Summary
herdctl consumers currently have to hand-enumerate the full built-in tool allowlist to get "a normal, fully-functional agent." There is no default/standard toolset primitive, and under the headless CLI runtime (claude -p) an incomplete allowed_tools is not just a skipped prompt — it is a silent denial of any prompt-requiring tool. Because Claude Code keeps adding built-in tools (e.g. Skill), any hand-typed allowlist silently drifts and breaks over time with no error.
This is a follow-on to #184 (which added the tools availability whitelist). #184 fixed the naming/availability confusion; this issue is about the headless denial semantics and the missing default-toolset primitive — neither of which #184 addresses.
Problem
1. No "standard/default toolset" primitive. There is no wildcard for built-ins, no preset, and no DEFAULT_TOOLS constant anywhere in packages/core/src (grep confirms). To run a normal agent a consumer must either enumerate every built-in by hand, or use bypassPermissions (which herdctl's own docs correctly say to reserve for Docker-isolated agents). Both are bad defaults.

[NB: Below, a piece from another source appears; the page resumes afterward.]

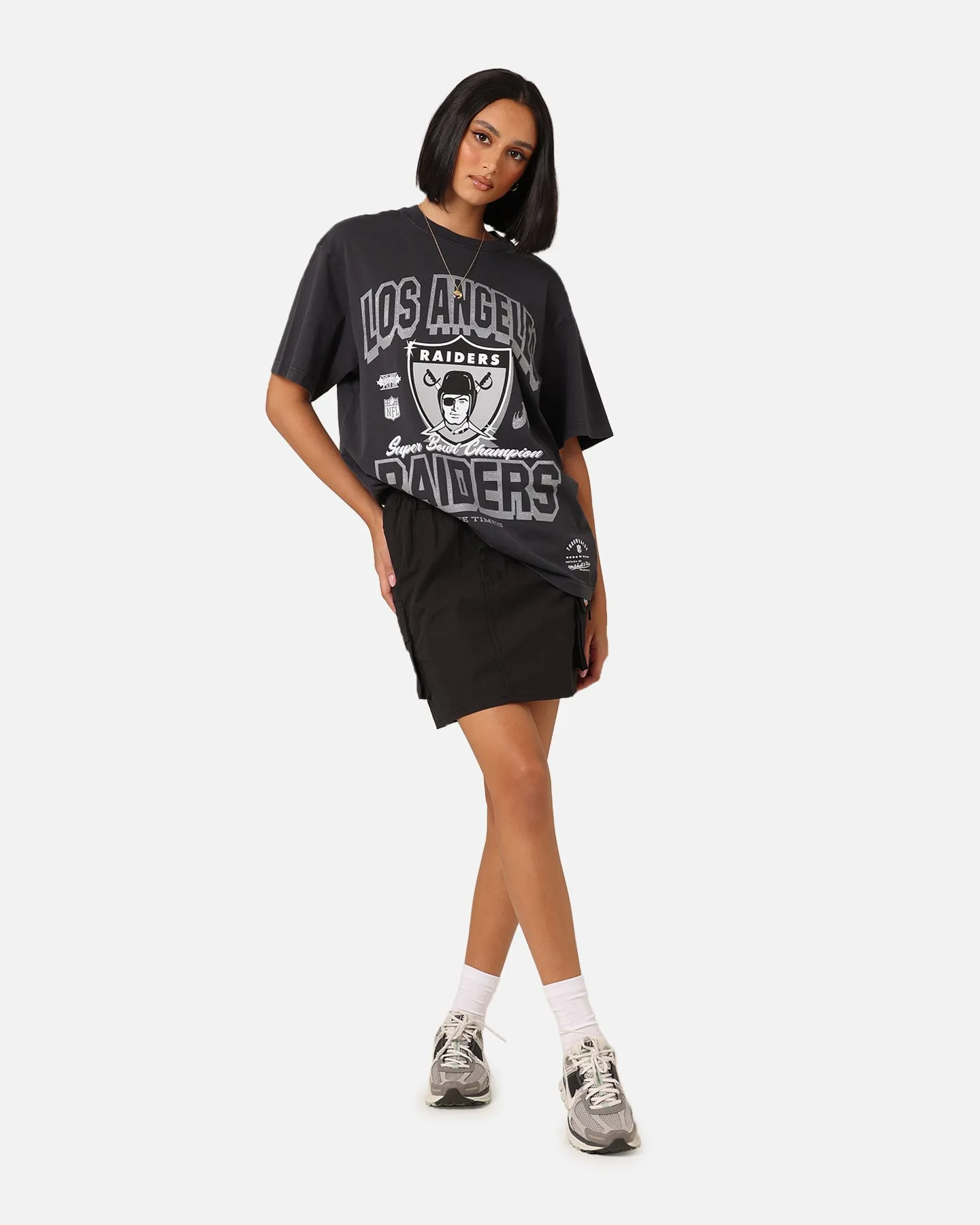 Ribbed Collar Design Mitchell & Ness Women's Las Vegas Raiders Arch Logo T-Shirt Faded Black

2. Headless (-p) turns an incomplete allowed_tools into a silent denial, not a skipped prompt. The CLI runtime always spawns in print/headless mode and defaults to acceptEdits:
packages/core/src/runner/runtime/cli-runtime.ts:138 — const args: string[] = ["-p"];
packages/core/src/runner/runtime/cli-runtime.ts:141 — permission_mode defaults to acceptEdits
packages/core/src/runner/runtime/cli-runtime.ts:157-159 — allowed_tools is passed straight through to --allowedTools
There is no permission callback / canUseTool / permissionPromptTool wiring in core (grep for all three returns nothing). So under -p, when the model calls a tool that requires approval and is not pre-approved via --allowedTools, there is no one to approve it and it is effectively denied. Under the default acceptEdits mode, only file ops (Read/Write/Edit) auto-approve — so Bash, Task, Skill, TodoWrite, etc. all require pre-approval or they die. This makes allowed_tools a de-facto availability gate for prompt-requiring tools in the headless runtime, which is the opposite of what the docs describe.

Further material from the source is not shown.